Output each line exactly as written, from the first line of the records to the line bearing "Toyota Hilux image 4", inclusive, while leaving every picture out.

-- Opening Marker --

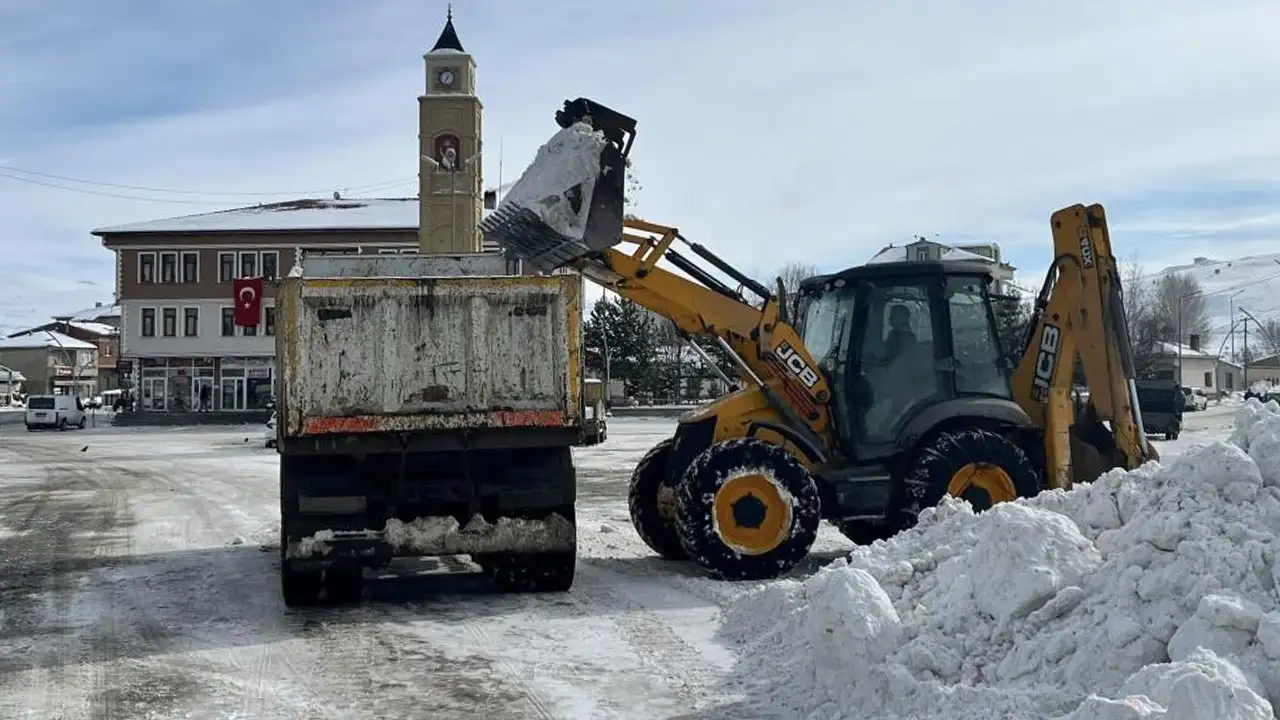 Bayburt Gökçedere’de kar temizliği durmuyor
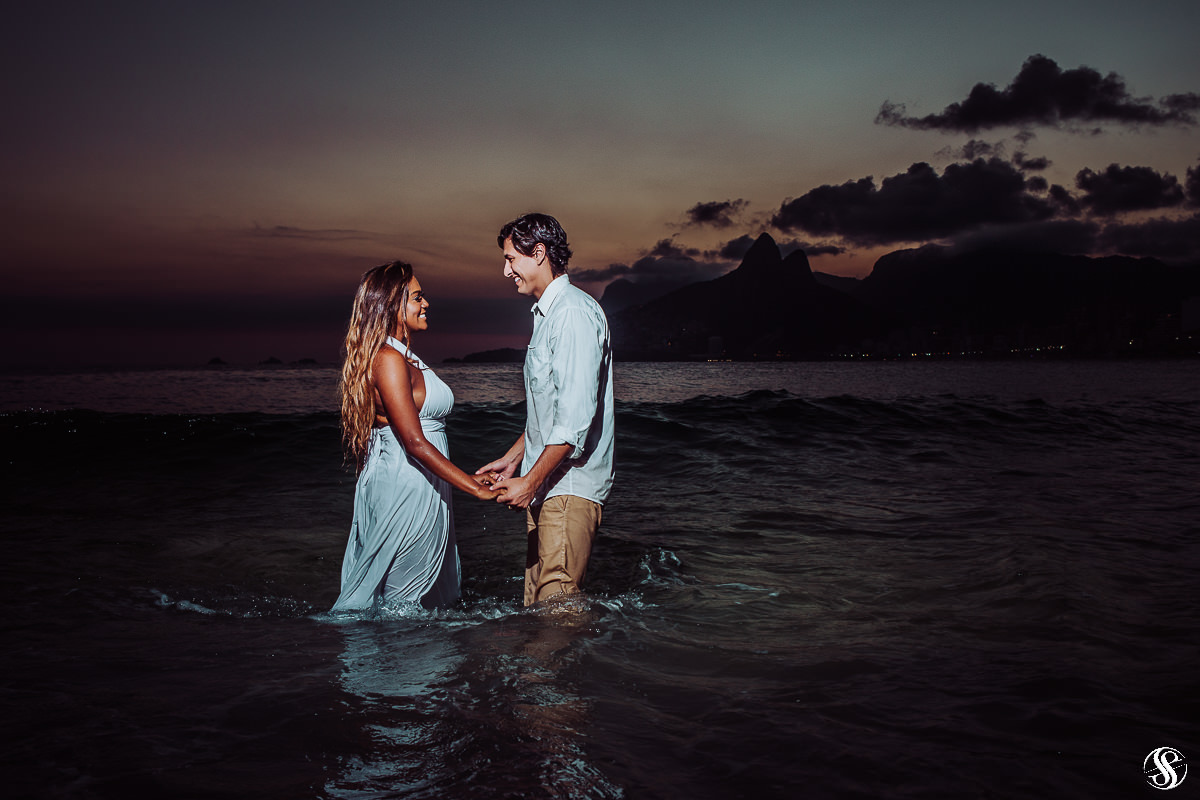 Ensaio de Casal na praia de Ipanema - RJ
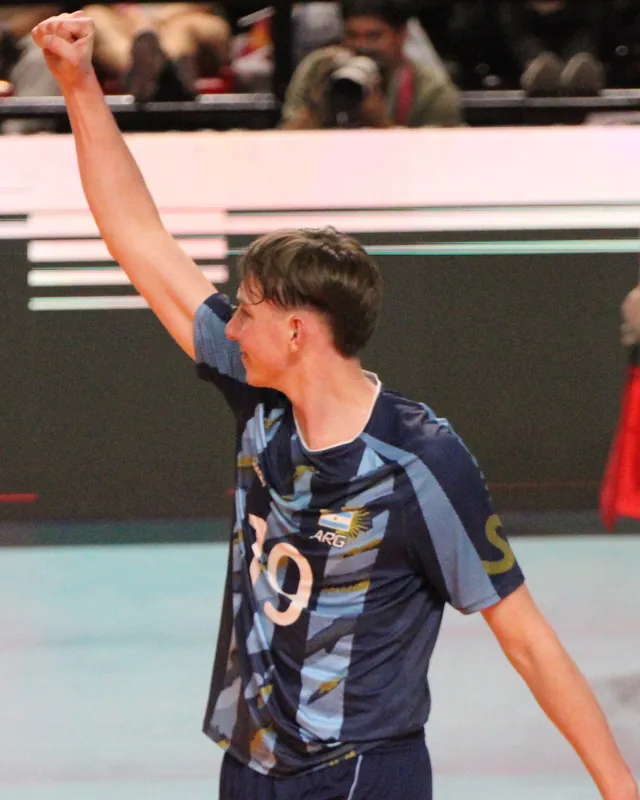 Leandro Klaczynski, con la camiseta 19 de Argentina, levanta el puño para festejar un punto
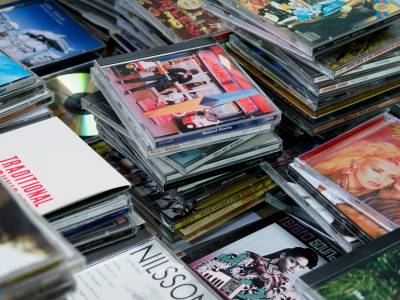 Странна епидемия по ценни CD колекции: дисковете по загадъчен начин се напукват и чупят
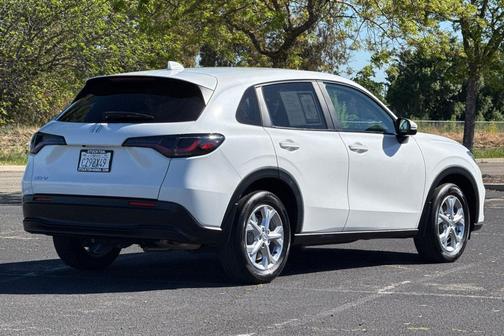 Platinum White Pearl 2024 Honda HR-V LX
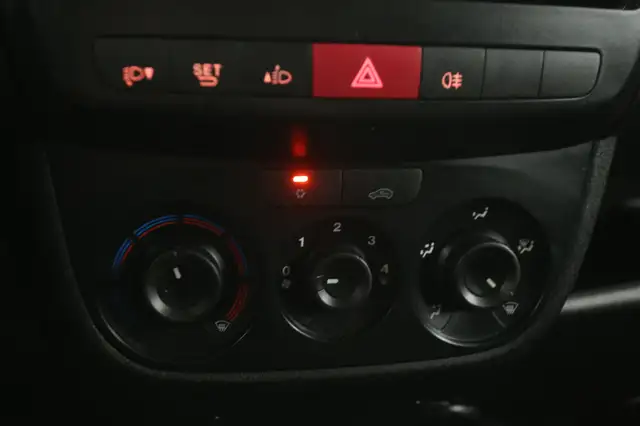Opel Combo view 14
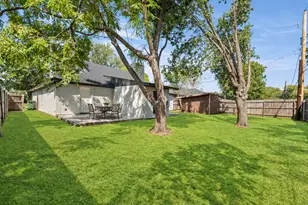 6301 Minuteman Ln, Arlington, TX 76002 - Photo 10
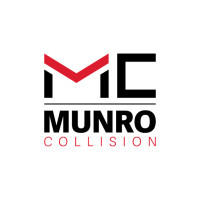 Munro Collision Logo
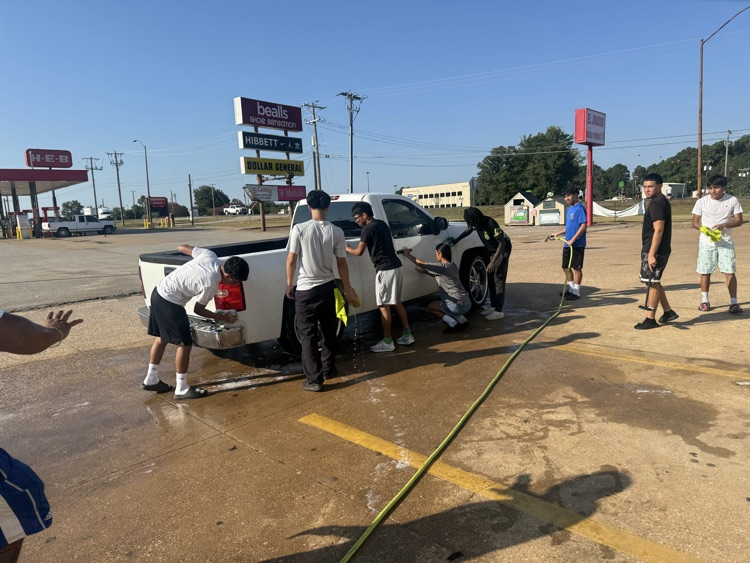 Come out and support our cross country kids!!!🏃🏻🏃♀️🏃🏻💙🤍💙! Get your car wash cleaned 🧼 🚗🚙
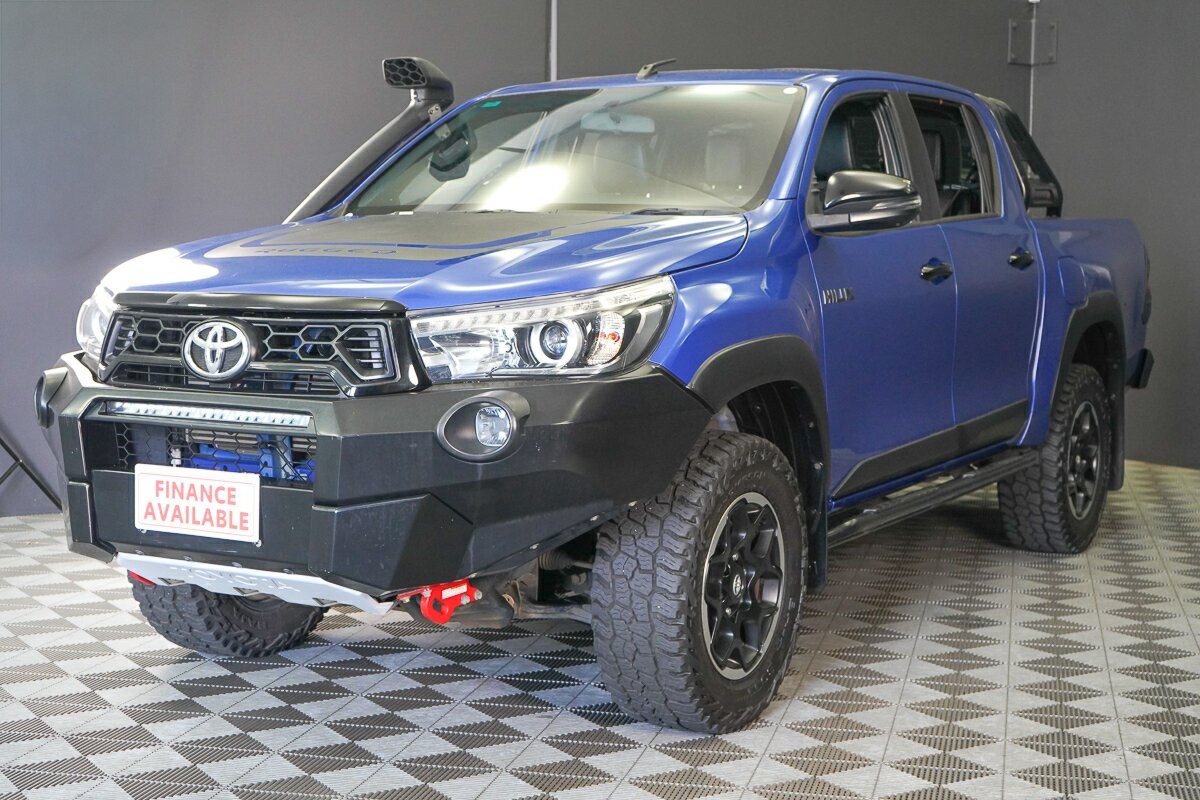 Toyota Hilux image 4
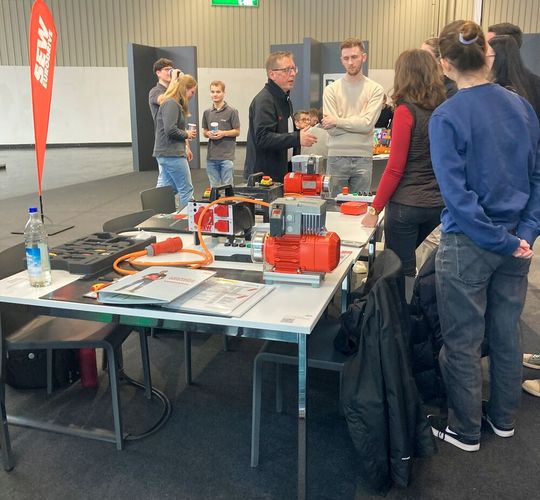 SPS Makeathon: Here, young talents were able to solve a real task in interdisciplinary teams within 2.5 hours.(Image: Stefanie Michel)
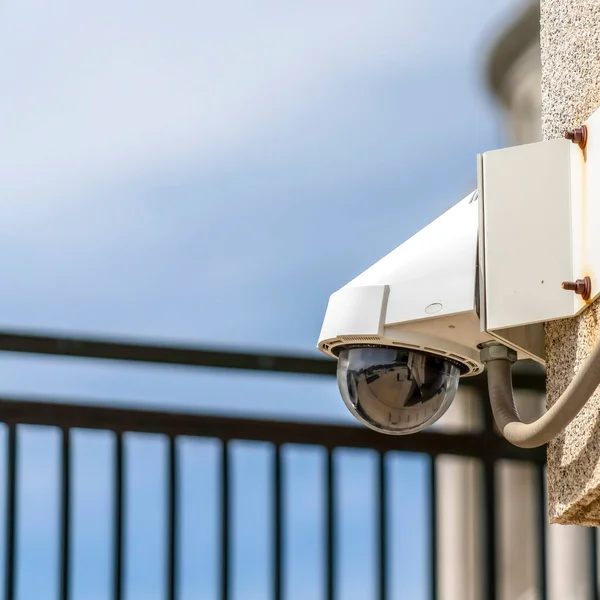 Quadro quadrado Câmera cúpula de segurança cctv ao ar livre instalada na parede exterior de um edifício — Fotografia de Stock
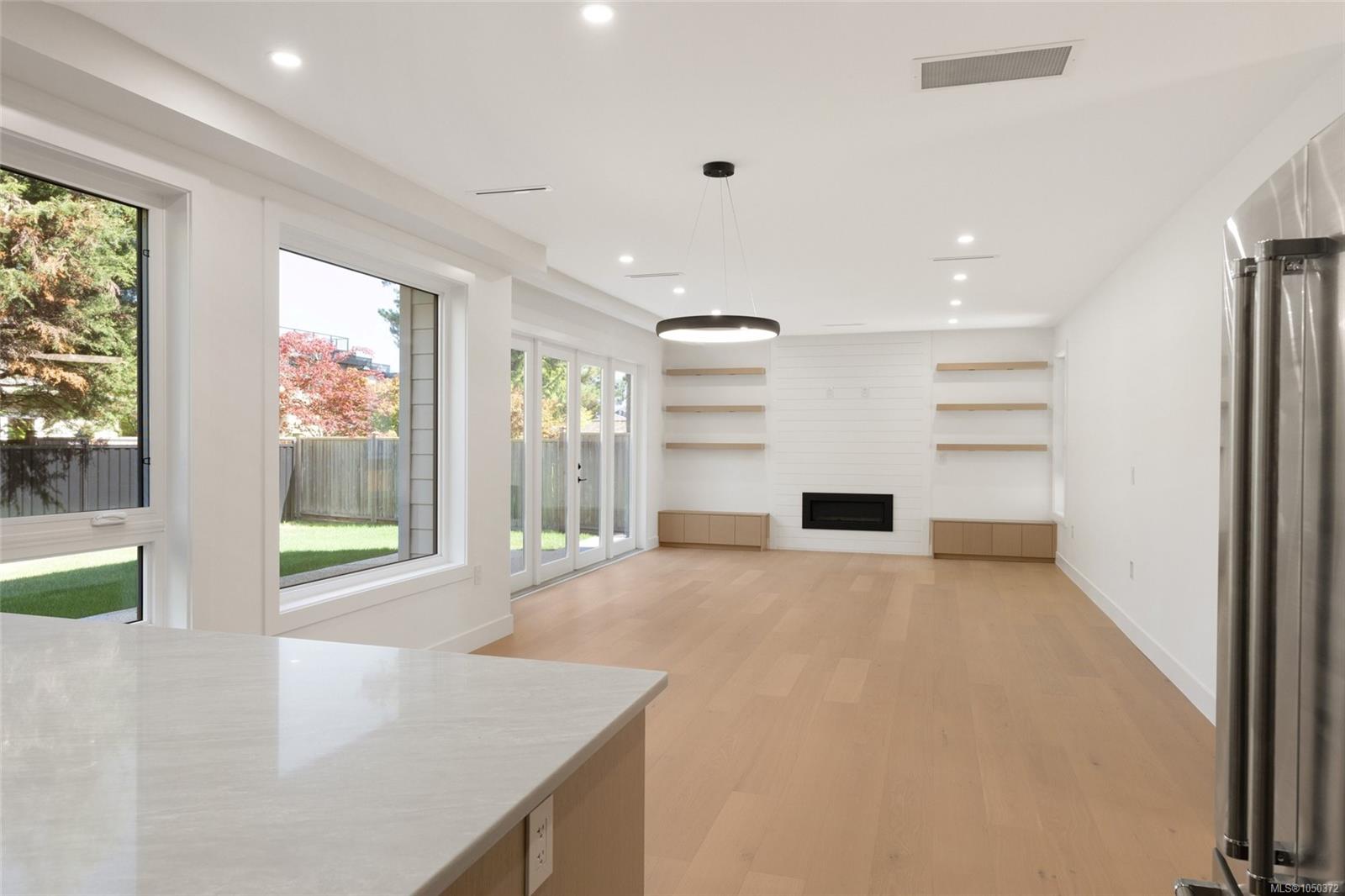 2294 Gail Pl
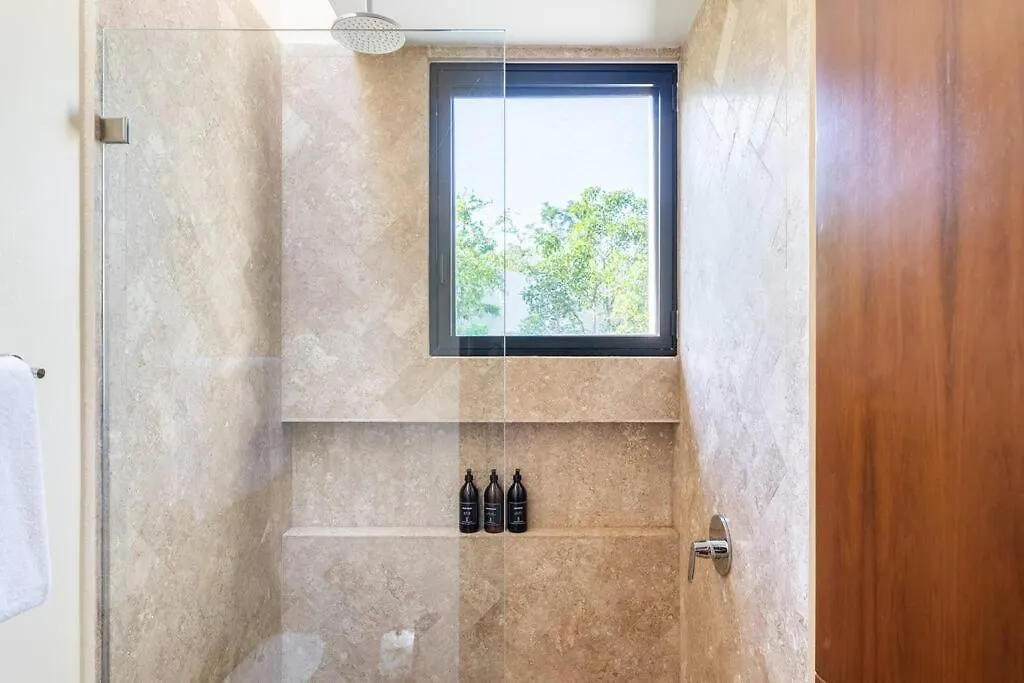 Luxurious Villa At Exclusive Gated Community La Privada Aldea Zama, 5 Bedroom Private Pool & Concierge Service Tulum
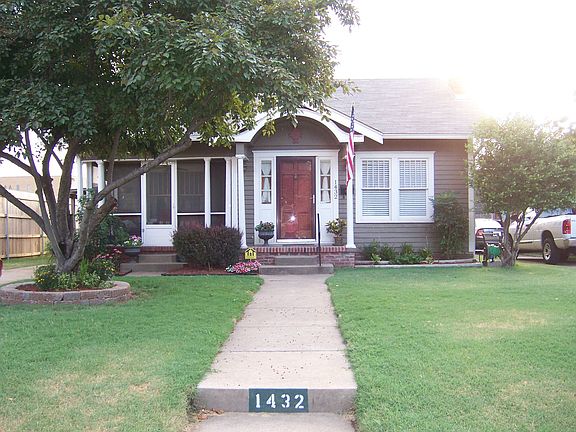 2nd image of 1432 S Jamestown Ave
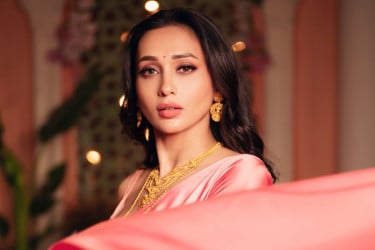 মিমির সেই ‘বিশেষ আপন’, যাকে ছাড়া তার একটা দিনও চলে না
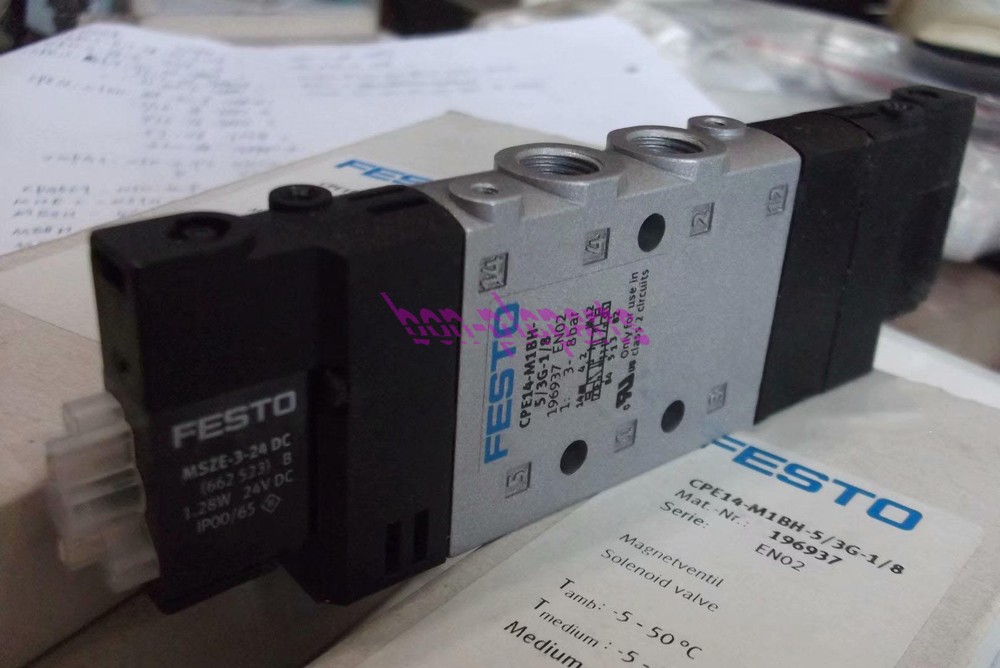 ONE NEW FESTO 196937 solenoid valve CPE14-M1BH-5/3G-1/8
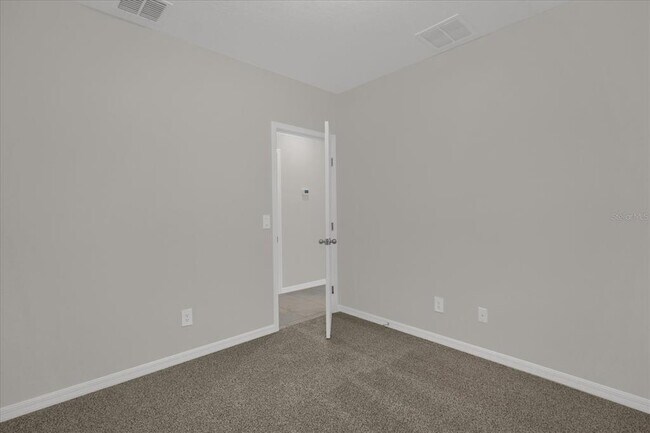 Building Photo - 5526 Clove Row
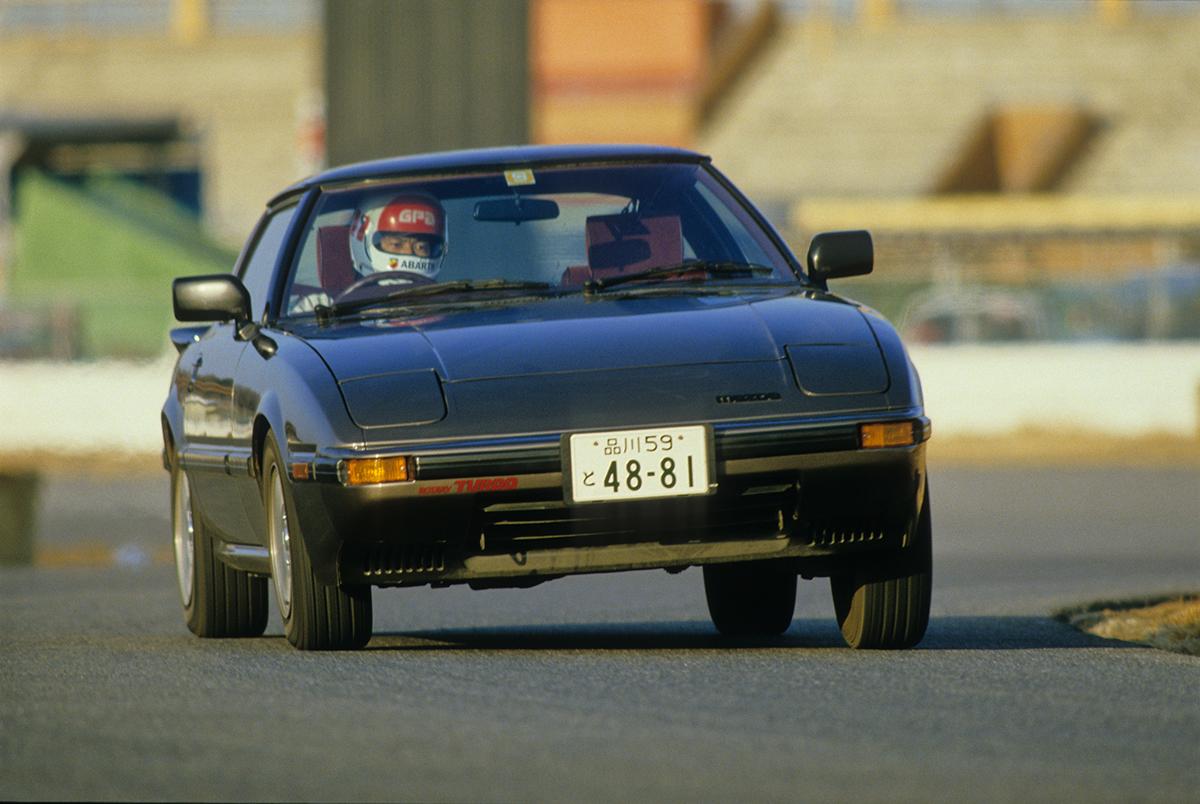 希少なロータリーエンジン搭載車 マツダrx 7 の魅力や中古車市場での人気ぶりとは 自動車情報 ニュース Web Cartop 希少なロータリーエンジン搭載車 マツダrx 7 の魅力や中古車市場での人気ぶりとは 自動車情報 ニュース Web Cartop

-- Closing Marker --

Solution to the exercise:
 Bayburt Gökçedere’de kar temizliği durmuyor
 Ensaio de Casal na praia de Ipanema - RJ
 Leandro Klaczynski, con la camiseta 19 de Argentina, levanta el puño para festejar un punto
 Странна епидемия по ценни CD колекции: дисковете по загадъчен начин се напукват и чупят
 Platinum White Pearl 2024 Honda HR-V LX
Opel Combo view 14
 6301 Minuteman Ln, Arlington, TX 76002 - Photo 10
 Munro Collision Logo
 Come out and support our cross country kids!!!🏃🏻🏃♀️🏃🏻💙🤍💙! Get your car wash cleaned 🧼 🚗🚙
 Toyota Hilux image 4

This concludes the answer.